I'm after the maximum capacitance/voltage in a space critical design where every bit over a 5V level is a win, hence Tantalums work for this particular application.
 
It's not about the voltage. Tantalum is not able to provide the rated microfarad smoothing for constant duty. They heat up and destroy themselves quickly if used in the WRONG application. Military radios I worked on in the eighties were full of them. I cannot remember ever having replaced one. They were never designed to replace Electrolytic caps.

Tantalum hates ripple currents. Not made for that.

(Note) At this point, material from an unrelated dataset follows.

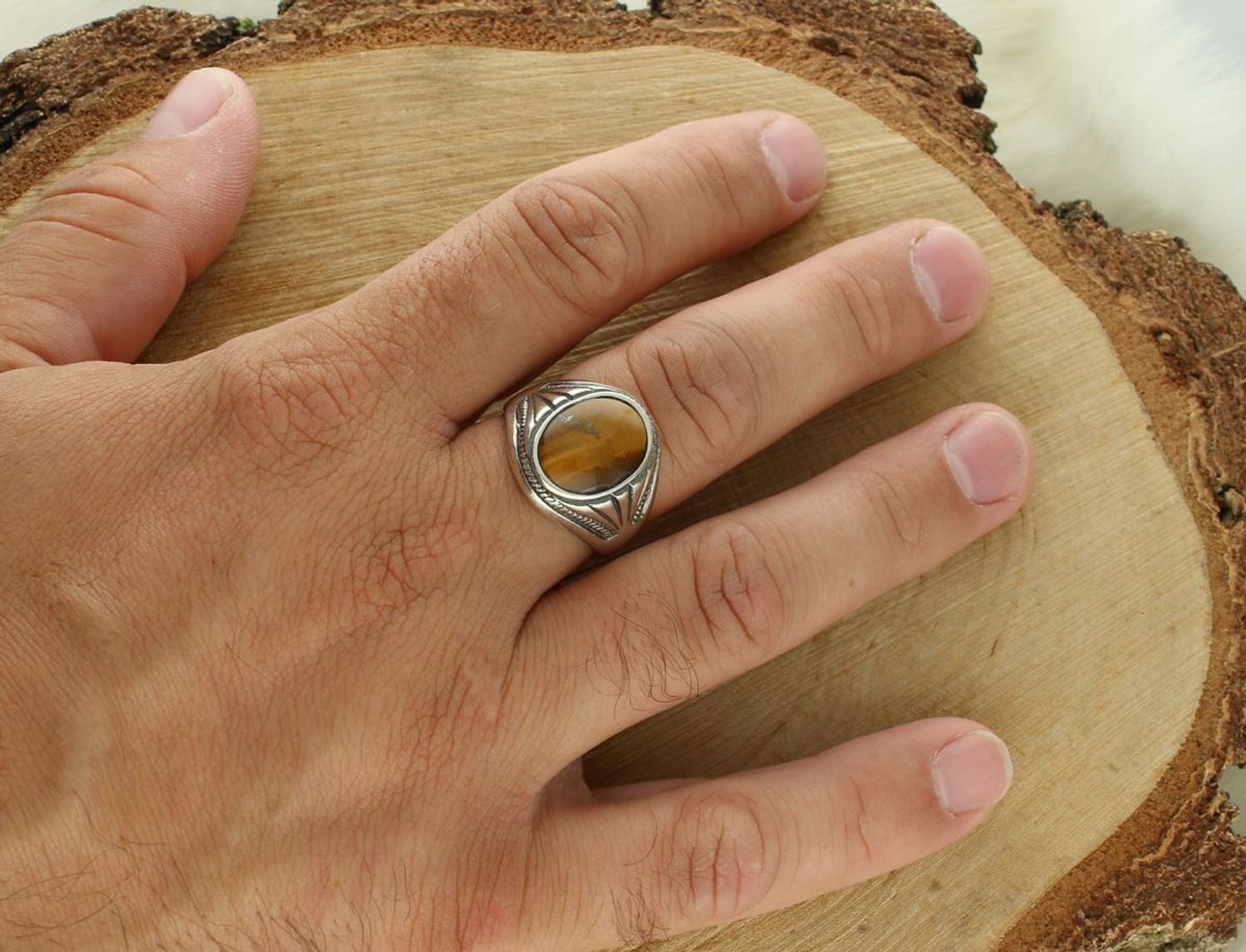 Srebrny sygnet męski 925 z Tygrysim okiem.jpg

When they are used in applications they were designed for they give zero problems.
 
Ripple is 0.2A max but will average at no more than 0.12A.

0.1 ohm ESR & 0.2A = I^2R = 0.002w dissipation. Can't see them heating up. The application will never rise above ambient temperature so say 50c worst case.

Interestingly the data sheet has a surge voltage that is 13v for 10v rating.
 

Attachments

  • Screenshot_2019-08-31_14-02-17.png
    133.8 KB · Views: 142
looking at the snippet of datasheet you provided it looks to me the 10VDC model is made for systems with 5V or under in mind. It will probably work for what you want but I would expect higher failure rate and shorter life span.
 
Status
Not open for further replies.
Cookies are required to use this site. You must accept them to continue using the site. Learn more…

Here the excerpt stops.